# WORK INSTRUCTION
From the first line to the last, return the material exactly.

# SUPPLIED INFORMATION
▬▬▬▬▬▬▬▬▬▬
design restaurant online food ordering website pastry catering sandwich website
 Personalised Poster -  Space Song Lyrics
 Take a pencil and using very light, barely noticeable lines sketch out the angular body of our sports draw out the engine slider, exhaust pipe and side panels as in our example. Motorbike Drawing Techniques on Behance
▬▬▬▬▬▬▬▬▬▬
# PROBLEM SOLUTION
design restaurant online food ordering website pastry catering sandwich website
 Personalised Poster -  Space Song Lyrics
 Take a pencil and using very light, barely noticeable lines sketch out the angular body of our sports draw out the engine slider, exhaust pipe and side panels as in our example. Motorbike Drawing Techniques on Behance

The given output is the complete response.